Hacker News new | past | comments | ask | show | jobs | submit login

Markdown and/or markdown processors are known to change.

Since there's no single Markdown spec, determining just how a page will render, or what will break, is a bit of a crapshoot. And since Markdown treats nonparsable markup as ... plain text, you don't even get errors or other indicators of failure. You've got to view and validate the output manually or by some other means.

With formal tag-based markup languages (HTML, SGML, LaTeX, DocBook, etc.) you've at least got 1) an actual markup spec and 2) something that will or won't validate (though whether or not the processor actually gives a damn about that is another question, hello, HTML, I'm looking at your "The Web is an error condition": https://deirdre.net/programming-sucks-why-i-quit/)

I can't find the post at the moment, but someone recently wrote a cogent rant on the fact that a change in their hosting provider (GitHub via a static site generator IIRC) had swapped out markdown processors, with changed behaviours, rendering (literally) all their previously-authored content broken.

Which is indead a pain.

I personally like Markdown, and find it hugely convenient. For major projects though, I suspect what I'll end up doing is starting in Markdown, and eventually switching to a more stable markup format, which probably means LaTeX (HTML has ... proved less robustly stable over the 25+ years I've worked with it).

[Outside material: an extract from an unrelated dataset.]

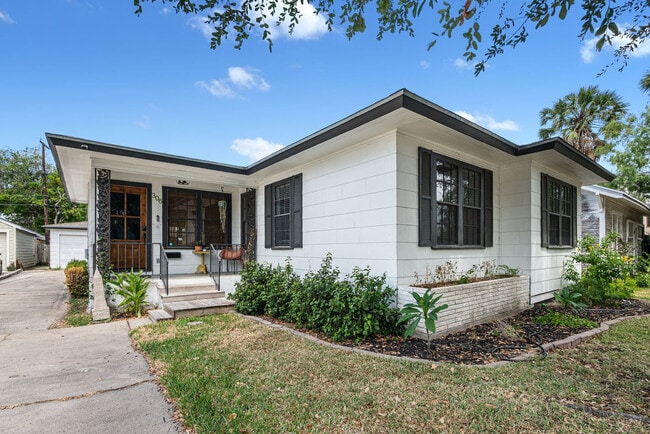 Building Photo - 306 Naples St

Though for simple-to-modestly-complex documents, Markdown is generally satisfactory, stable, and close enough to unadorned ASCII that fixing what breaks is not a horribly complicated task.

Up to modest levels of scale, at least.






I appreciate your reply. Seems Markdown is more complex than I recognized and this just makes me want to avoid it more. If you do find the rant you mentioned, let me know.

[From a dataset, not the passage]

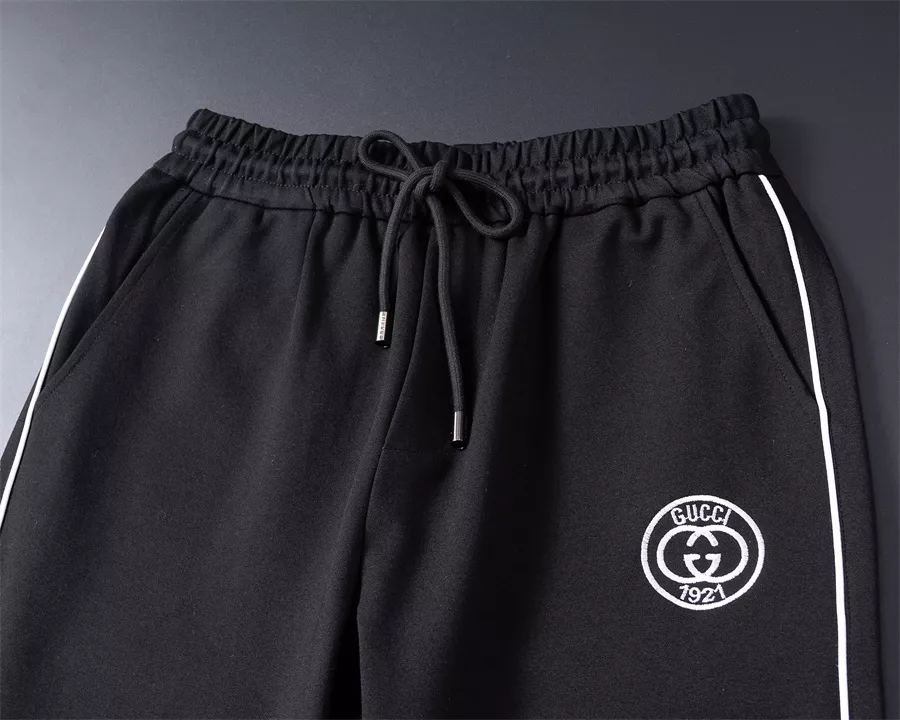 Classic 1249 Gucci Tracksuits Long Sleeved For Men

> HTML has ... proved less robustly stable over the 25+ years I've worked with it

The first website I made in 2002 still views fine in a modern browser. I didn't do anything fancy, though. I would be interested in what has been unstable as it might give me ideas on what to avoid in HTML.

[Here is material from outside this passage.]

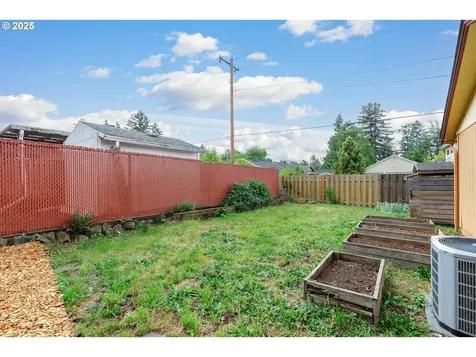7430 N Burr Avenue Portland OR 97203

I don't find HTML to be that much harder than plain text or Markdown so I think I'll keep using it for smaller projects. LaTeX is worth considering as well, particularly given that I will have math on some of my webpages. One issue is that the stability of LaTeX depends strongly on which packages you use. I need to take a closer look at the health of every package I use. I think avoiding external dependencies is easier with HTML.


My sense is that Markdown is probably pretty safe for most uses, particularly if you control the processing. If not, then yes, it can bite. For me that means pandoc to generate endpoints such as HTML, PDF, etc. I'm fairly confident that most of that toolchain should continue to work (provided computers and electricity exist) for another 2-4 decades.

For certain more complex formatting, Markdown has limitations and features are more likely to change. But I've used Markdown to format novel-length works (from ASCII sources, for my own use) with very modest formatting needs (chapters, some italic or bold text, possibly blockquotes or lists), and it excels at that.

For HTML, it's a combination of factors:

- Previous features which have been dropped, most to thunderous applause. (<blink>, <marquee>, etc.)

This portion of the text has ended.